こんにちは。
私は鹿児島で遺品整理業「整理のゴダイ」を運営している松本周作と申します。
今回は「遺品整理の時期」についての一般的な見解や私の知っている情報、ノウハウをお伝えしたいと思います。
私は遺品整理業者として年間約90件の遺品整理を実施してきました。
また、個別に「遺品整理っていくらぐらいかかるの?」「どういう方法で行えばいいの?」といったご相談もたくさんいただいております。
その中でも多いのが「遺品整理の時期っていつがいいの?」というご相談です。
今回はそのご質問に対してどのよう最適な時期、もしくは避けた方がいい時期についての考え方や実際に遺品整理を行う方法についてお話ししたいと思います。
それではまいります。
【目次】
一般的に遺品整理は以下の流れで行います。
遺品整理は家を相続した人が主となり行います。
遺品整理を行う前に、今後どのように家や土地を活用するのか、もしくは売却するのかを決めてから行うケースが多いです。
ただ、遺品整理後の活用方法は決まっていない状態であっても、家の維持管理を楽にするために一旦片づけるケースも増えてきています。
それぞれのご家庭に事情があるかとは思いますが、1~5のSTEPを見ていくと遺品整理の行う時期っていつがいいんだろう?といういくつかのタイミングが見えてくるかもしれません。
それでは各STEPを見ていきましょう。
1. 遺品整理を始める前に
身近な方が亡くなったとき、残された人たちは次のような流れで故人が残したものを片付けます。
多くの方にとって、遺品整理を行う前に家の相続について考えなければいけません。
相続を踏まえて、まずは誰がどのように遺品整理するか決めておく必要があります。
さらに、今後の故人宅の維持管理や、不動産のその後など検討すべきことがあります。
その上で、実際に遺品整理を行う時期に決まりはありませんが、それぞれの状況別でふさわしいタイミングはあるでしょう。
そして、遺品整理に必要な費用・時間・作業人数について、作業を始める前に把握しておく必要があります。
さらに遺品整理を自分たちで進めるのか、業者に頼むのかも検討しないといけません。
それらの遺品整理を始める前に知っておくべきことを、これから一つひとつ解説していきましょう。
2.相続について(固定資産税・相続の放棄)
遺品整理は家屋を相続した人が行うのが一般的です。
相続した人はその家や土地にかかる固定資産税を払わないといけません。
毎年1月1日に該当する土地建物を所有している人に課税されます。
補足になりますが、もし相続人が複数いて、遺産分割協議を行わないでそのままにしていると、全員に固定資産税の支払い義務が生じてしまいます。
固定資産税の支払を誰が行うのか年内をひとつの区切りと考えて、相続人を決められるよう話し合いを進めていく必要があります。
もしも親の借金が多いなどの事情で相続放棄を選択する場合には、3ヶ月以内に手続きを行わないといけません。
相続放棄をする際には、遺品整理をしてはいけないので着手しないでください。
債権人が訴えたときに遺品整理を行っていると「相続の意思あり」と裁判所に認められるケースがあるためです。
まとめ・固定資産税―翌1月1日時点での所有者に課税。
・だれが家を相続するか決まっていない場合―相続人全員に納税義務が発生。
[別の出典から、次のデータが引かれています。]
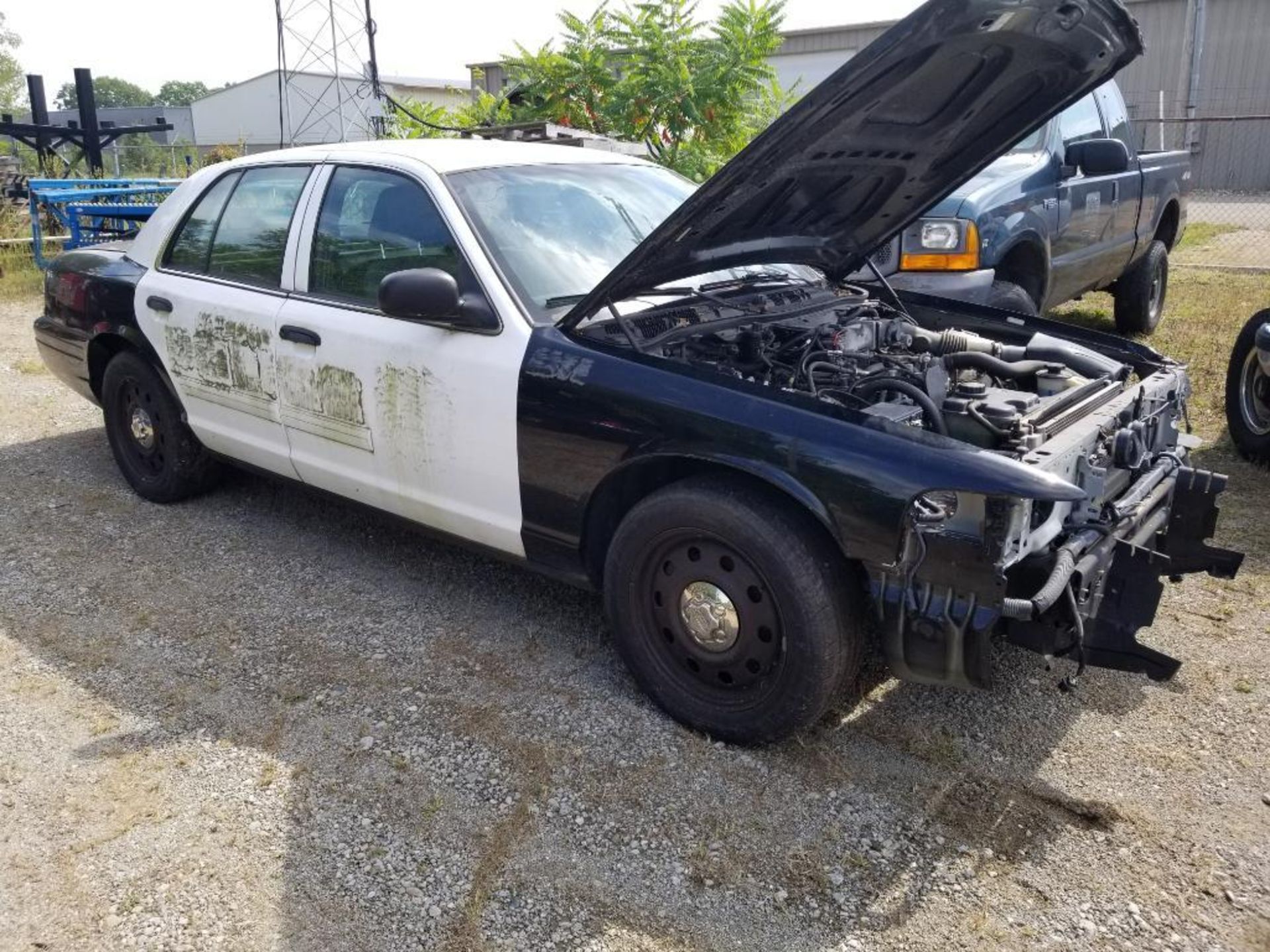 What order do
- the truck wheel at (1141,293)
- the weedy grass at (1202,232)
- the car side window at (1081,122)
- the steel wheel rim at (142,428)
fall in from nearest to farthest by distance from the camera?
the steel wheel rim at (142,428)
the car side window at (1081,122)
the truck wheel at (1141,293)
the weedy grass at (1202,232)

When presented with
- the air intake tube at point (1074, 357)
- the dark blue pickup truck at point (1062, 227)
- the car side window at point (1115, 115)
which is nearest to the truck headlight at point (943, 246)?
the dark blue pickup truck at point (1062, 227)

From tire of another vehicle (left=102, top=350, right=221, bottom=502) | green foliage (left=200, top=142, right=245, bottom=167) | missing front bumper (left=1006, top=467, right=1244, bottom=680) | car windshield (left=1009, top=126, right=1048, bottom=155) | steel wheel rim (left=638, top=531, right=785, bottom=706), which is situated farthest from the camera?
green foliage (left=200, top=142, right=245, bottom=167)

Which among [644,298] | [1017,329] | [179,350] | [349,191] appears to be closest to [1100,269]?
[1017,329]

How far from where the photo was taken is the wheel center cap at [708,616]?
3.11 metres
相続人が複数いる場合は速やかな遺産分割協議を。
・相続の放棄―3カ月以内。遺品整理を行ってはいけない。
3.形見分けについて
相続が終わったら、形見分けを行います。
【現金・貴金属類】通帳・記念硬貨切手・美術品
【思い出の品】写真・日記
【信仰の対象】仏壇・神棚・人形
以上のようなものを誰が引き次ぐのか、引き取り手がいない場合はどのように供養や処分を行うのか決める必要があります。
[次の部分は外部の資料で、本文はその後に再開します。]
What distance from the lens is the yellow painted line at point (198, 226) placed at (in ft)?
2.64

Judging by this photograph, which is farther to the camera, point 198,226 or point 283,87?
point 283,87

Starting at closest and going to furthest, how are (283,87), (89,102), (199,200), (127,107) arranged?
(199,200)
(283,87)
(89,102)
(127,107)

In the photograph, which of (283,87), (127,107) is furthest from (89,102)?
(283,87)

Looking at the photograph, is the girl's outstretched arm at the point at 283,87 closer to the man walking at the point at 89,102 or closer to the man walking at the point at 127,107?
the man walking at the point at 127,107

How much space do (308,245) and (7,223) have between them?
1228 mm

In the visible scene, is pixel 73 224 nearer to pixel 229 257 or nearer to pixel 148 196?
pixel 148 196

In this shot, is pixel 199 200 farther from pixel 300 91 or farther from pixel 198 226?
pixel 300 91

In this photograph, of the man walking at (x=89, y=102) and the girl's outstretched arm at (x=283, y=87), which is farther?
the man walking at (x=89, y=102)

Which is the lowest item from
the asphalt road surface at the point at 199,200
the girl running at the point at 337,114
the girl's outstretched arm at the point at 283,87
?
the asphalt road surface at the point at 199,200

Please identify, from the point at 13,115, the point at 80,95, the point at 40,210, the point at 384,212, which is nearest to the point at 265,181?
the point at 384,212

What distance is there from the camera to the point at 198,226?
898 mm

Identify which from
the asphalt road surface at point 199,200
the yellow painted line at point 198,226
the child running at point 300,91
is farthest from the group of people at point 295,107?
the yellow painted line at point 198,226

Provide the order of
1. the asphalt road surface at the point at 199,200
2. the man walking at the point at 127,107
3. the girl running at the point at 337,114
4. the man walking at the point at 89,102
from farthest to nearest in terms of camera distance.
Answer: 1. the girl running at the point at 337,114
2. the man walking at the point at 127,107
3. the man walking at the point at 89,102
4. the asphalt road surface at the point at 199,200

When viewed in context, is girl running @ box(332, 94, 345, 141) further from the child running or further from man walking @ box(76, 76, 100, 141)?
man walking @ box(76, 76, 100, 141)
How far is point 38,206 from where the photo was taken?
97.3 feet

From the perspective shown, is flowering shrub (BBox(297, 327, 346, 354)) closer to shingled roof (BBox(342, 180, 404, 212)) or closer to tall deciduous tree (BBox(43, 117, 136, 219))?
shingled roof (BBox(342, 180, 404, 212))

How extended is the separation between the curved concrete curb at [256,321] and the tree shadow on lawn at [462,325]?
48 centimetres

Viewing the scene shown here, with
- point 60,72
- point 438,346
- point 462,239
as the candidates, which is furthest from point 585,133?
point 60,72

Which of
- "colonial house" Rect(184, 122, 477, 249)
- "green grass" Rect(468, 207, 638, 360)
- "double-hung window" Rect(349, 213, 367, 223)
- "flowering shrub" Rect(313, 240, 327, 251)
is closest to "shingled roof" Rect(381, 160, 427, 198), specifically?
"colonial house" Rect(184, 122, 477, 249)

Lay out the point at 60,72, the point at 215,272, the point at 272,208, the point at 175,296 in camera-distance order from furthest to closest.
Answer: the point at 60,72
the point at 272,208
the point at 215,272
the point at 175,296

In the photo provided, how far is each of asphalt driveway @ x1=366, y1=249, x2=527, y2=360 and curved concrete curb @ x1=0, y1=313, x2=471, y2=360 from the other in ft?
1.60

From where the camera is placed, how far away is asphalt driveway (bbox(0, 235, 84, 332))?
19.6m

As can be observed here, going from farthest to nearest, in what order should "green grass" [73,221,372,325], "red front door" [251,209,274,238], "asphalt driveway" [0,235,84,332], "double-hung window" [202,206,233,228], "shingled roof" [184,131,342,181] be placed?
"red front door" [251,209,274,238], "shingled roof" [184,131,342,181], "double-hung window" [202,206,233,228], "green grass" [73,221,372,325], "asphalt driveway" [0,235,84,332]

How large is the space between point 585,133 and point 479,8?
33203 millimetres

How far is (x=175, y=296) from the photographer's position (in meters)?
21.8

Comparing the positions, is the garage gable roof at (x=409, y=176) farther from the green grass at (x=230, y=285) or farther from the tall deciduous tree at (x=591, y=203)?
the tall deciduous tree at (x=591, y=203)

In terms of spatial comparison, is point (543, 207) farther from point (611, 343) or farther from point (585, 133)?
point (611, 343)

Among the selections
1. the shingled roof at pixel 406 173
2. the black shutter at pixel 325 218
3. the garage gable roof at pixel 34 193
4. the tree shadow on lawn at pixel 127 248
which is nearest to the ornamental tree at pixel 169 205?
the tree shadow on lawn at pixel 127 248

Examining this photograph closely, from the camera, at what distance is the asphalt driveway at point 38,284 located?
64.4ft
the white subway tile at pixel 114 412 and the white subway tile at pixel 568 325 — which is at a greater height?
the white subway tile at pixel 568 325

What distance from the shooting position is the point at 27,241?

形見分けと一緒にタンス預金などがないかも同時にチェックしましょう。
私たちが遺品整理を行う中で特に気をつけるのが
● 床の間の周り
● リビング
● 収納の多い部屋
です。
故人の性格によってタンス預金の有り所はかなり変わりってきますが、傾向としては
・財産目録を作るような几帳面な方・・・玄関から遠い収納や信仰の対象の近く
・大胆な性格の方・・・よく目や手の触れるリビングやキッチン周り
に隠してある事が多いです。
4.家の維持管理費を考えておく
遺品整理の時期を考える上で、故人宅の維持管理費を先に把握して必要があります。
維持管理費が負担になるようでしたら早めに対処した方がいいですし、逆に負担になってもゆっくり進めたい場合もあるでしょう。
■賃貸住宅の場合
賃貸の場合は家賃がかかります。
毎月の家賃が発生し続けるので、早めに遺品整理を行う人がほとんどです。
よくあるタイミングとしては、次のようなものです。
・葬儀のすぐあと
・次の家賃が発生する前に(月末までに)
・49日が過ぎてすぐに
■持ち家の場合
持ち家の維持管理費は、主に「固定資産税・都市計画税」「水道・電気代」「火災保険」「庭木剪定」の費用がかかります。
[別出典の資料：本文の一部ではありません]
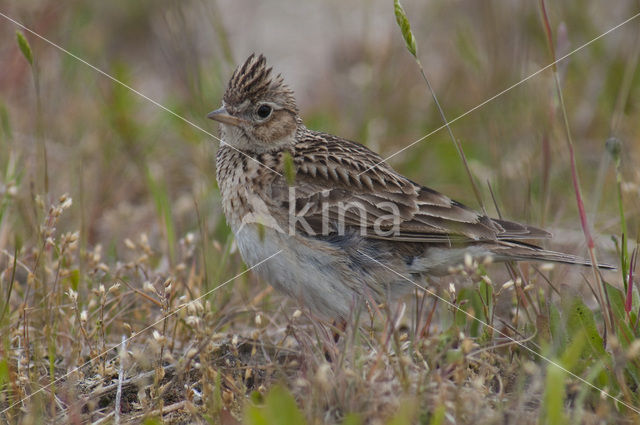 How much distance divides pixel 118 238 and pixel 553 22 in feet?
15.7

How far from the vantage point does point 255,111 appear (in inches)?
202

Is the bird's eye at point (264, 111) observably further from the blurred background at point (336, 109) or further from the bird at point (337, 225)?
the blurred background at point (336, 109)

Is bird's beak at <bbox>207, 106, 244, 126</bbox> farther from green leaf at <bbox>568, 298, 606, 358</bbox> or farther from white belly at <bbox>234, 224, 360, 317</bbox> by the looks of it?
green leaf at <bbox>568, 298, 606, 358</bbox>

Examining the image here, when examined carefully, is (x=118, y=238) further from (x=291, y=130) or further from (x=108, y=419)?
(x=108, y=419)

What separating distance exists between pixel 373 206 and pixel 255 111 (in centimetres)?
94

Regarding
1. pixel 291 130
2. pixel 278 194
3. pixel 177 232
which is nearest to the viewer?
pixel 278 194

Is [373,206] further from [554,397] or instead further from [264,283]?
[554,397]

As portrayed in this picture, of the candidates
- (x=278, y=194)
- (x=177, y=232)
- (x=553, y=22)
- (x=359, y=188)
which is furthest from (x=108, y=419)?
(x=553, y=22)

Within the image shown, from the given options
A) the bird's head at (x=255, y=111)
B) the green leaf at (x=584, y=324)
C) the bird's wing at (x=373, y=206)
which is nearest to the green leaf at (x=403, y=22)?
the bird's wing at (x=373, y=206)

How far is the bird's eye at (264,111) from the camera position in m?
5.16

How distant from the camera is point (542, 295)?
432cm

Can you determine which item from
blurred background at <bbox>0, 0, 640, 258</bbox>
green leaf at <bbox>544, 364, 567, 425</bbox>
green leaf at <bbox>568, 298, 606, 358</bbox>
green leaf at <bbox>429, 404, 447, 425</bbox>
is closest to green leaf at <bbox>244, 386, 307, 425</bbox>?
green leaf at <bbox>429, 404, 447, 425</bbox>

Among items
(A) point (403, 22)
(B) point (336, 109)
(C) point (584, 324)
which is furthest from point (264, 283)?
(B) point (336, 109)

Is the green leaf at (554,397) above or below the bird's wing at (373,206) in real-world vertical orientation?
below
そのため、空き家を維持し続けるには年間20万円以上かかります。
内訳は次の通りです。
●庭の草木の手入れ/3万~5万円
●水道・電気代(1500円×12か月)/1.8万円
●管理サービス(4000円×12か月)/4.8万円
●火災保険(空き家用)/3万~4万円
固定資産税がいくらなのか分からない場合は家がある市役所などで「固定資産課税台帳」というものを見れば分かるようになっています。
ただし、納税義務者しか閲覧できないので相続に該当する人しか見ることができません。
ちなみに、人が住まなくなった空き家はかなりの速さで傷んでいきます。
空気が通らなくなり、虫やカビが発生しやすくなるからです。
仮に空き家を維持するにしても、中の遺品は早い段階で整理しておいた方がいいでしょう。
なぜなら、家財道具や生活用品がそのままだと、家の掃除がしづらいことに加えて、目に見えないところが傷んでいることもあるからです。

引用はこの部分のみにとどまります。